Sophie Beau, directrice et fondatrice de SOS MEDITERRANEE France

Les femmes, les hommes et les enfants que l’on secourt en mer ont traversé les pires épreuves et souvent frôlé la mort de près. En Libye notamment, presque toutes ces personnes, même les plus jeunes, ont subi des mauvais traitements répétés (viols, torture, travail forcé, extorsion d’argent…). En mer, sur des embarcations de fortune, parfois pendant plusieurs jours sans pouvoir bouger ni boire ou manger, la traversée les laisse épuisé.e.s physiquement et psychologiquement. Traitées pour la première fois depuis longtemps avec humanité, les personnes rescapées reprennent vie lors de leur séjour sur le navire. « Être témoin de la transformation progressive de ces personnes terrifiées et traumatisées, au regard hagard au moment de leur sauvetage, en des individus pleins de vie est quelque chose de spectaculaire, de lumineux !  On dirait des ombres traversant le Styx et revenant à la vie… et c’est exactement cela en fait, un retour de l’enfer », témoigne Sophie Beau, directrice et co-fondatrice de SOS MEDITERRANEE.

Sophie Beau, directrice et co-fondatrice de SOS MEDITERRANEE, en mission en octobre 2023.
Crédit photo : Giannis Skenderoglou / SOS MEDITERRANEE

L’obligation de débarquer dans des ports éloignés de la région de sauvetage, imposée par les autorités italiennes depuis plus d’un an, amène l’Ocean Viking à rester plusieurs jours en mer, ce qui peut paraître interminable pour des personnes qui viennent de vivre des épreuves aussi douloureuses. Mais c’est aussi une parenthèse en sécurité durant laquelle « on voit les personnes rescapées revenir à la vie » souligne Sophie Beau. Elle cite parmi les activités les plus populaires le « salon de coiffure », qui redonne dignité et humanité aux personnes rescapées : « chaque personne qui se fait couper les cheveux en ressort comme allégée, comme si elle se libérait du poids terrible de tant de souffrances endurées en Libye. C’est une véritable transformation, ça leur redonne figure humaine ».

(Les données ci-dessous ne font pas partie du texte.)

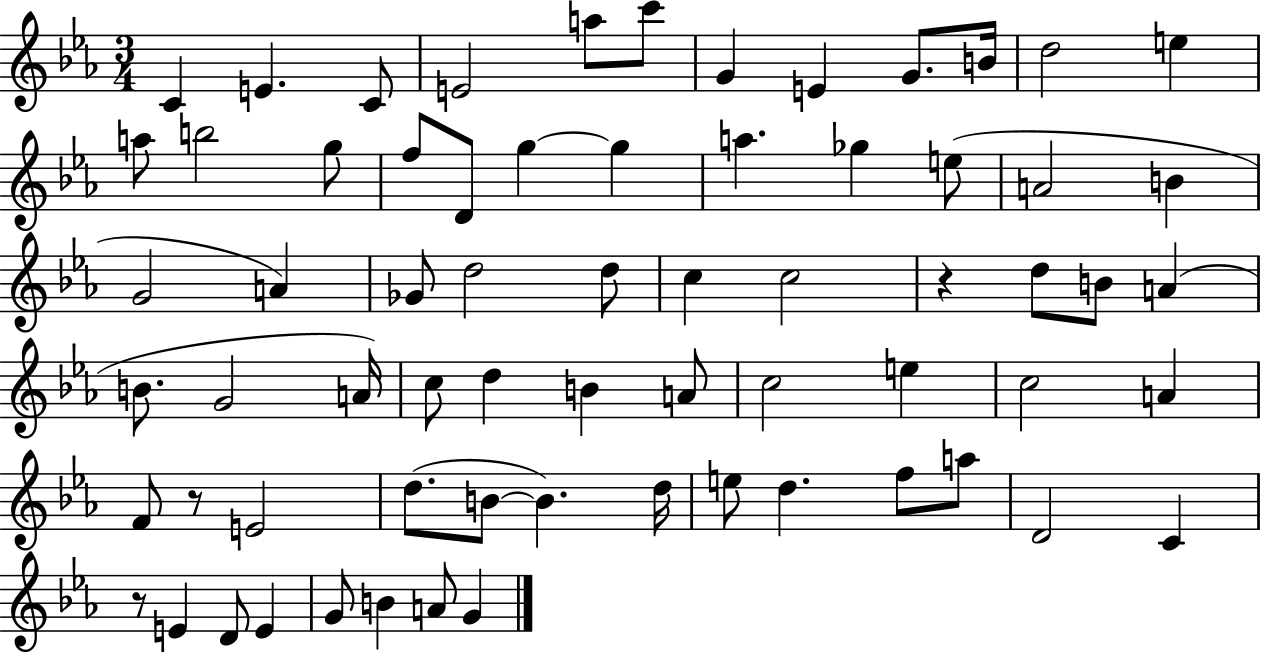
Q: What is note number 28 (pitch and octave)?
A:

Le « salon de coiffure », pour et par les personnes rescapées, est l’une des activités les plus prisées à bord.  
Crédit photo : Sophie Beau / SOS MEDITERRANEE

Elle se rappelle ainsi le jeune Bilal*, 11 ans, accompagné de son grand frère de 17 ans. La fratrie avait fui la guerre en Syrie et traversé de terribles épreuves en Libye, dont aucun des deux ne pouvait parler. « Le jeune garçon était terrorisé en arrivant sur l’Ocean Viking, mais il a vite retrouvé le sourire. Son grand frère cependant a parcouru le chemin inverse : très ouvert à son arrivée, il s’est peu à peu renfermé dans la tristesse et le mutisme. Je l’ai vu rire une seule fois, quand son petit frère éclatait de rire en faisant la course de kangourou sur le pont. »

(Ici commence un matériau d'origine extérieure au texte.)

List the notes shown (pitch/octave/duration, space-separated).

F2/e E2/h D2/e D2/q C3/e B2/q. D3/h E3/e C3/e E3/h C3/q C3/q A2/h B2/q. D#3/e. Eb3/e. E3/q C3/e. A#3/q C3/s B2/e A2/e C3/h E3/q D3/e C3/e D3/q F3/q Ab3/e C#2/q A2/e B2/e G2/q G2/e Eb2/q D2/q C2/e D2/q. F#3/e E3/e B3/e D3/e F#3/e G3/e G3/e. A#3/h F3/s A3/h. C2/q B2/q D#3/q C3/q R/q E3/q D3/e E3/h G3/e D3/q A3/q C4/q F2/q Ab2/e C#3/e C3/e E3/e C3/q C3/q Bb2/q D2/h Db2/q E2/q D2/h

Pour la plupart des rescapé.e.s néanmoins, le simple accomplissement de gestes du quotidien et le fait d’être traité avec empathie et bienveillance les ramène à leur humanité et à une forme d’espoir.

Après les urgences, la vie reprend son cours.

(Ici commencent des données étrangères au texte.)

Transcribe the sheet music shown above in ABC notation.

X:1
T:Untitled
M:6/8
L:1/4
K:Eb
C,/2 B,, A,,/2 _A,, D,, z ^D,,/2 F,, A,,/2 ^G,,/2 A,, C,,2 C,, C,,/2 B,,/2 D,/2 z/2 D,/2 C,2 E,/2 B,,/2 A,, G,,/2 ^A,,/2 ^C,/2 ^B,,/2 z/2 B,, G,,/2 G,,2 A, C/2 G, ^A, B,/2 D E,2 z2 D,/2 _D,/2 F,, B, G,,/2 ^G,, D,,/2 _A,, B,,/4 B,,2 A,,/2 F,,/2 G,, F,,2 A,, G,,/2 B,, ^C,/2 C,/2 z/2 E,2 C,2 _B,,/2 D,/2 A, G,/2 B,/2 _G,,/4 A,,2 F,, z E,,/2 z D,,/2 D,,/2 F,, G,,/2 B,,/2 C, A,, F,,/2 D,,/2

La première journée à bord est consacrée à la prise en charge des urgences et des besoins vitaux. (Voir encadré ci-dessous) Puis, chaque jour, les équipes proposent des activités nouvelles.

Préparation du riz « comme au pays », nettoyage du pont, lessive, leçons pour apprendre des rudiments d’italien avec la médiatrice culturelle, dessin et coloriages pour les plus jeunes, concours d’échecs, musique, danse…  Alors que les personnes secourues récupèrent des forces, des membres de l’équipese réunissent le soir venu pour établir le programme du lendemain en fonction de la météo, du nombre de personnes, de la présence de femmes et d’enfants, etc.  

Cette « parenthèse d’humanité en sécurité » passée ensemble, sur quelques mètres carrés en pleine mer, crée des liens très forts entre les équipes et les personnes secourues. Les au revoirs sont d’autant plus difficiles au moment du débarquement mais « l’alchimie humaine qui s’est opérée à bord du navire ne peut être que bénéfique à toutes les personnes qui l’ont vécue, nous y compris » conclut Sophie Beau.

Les huit étapes de la première journée à bord.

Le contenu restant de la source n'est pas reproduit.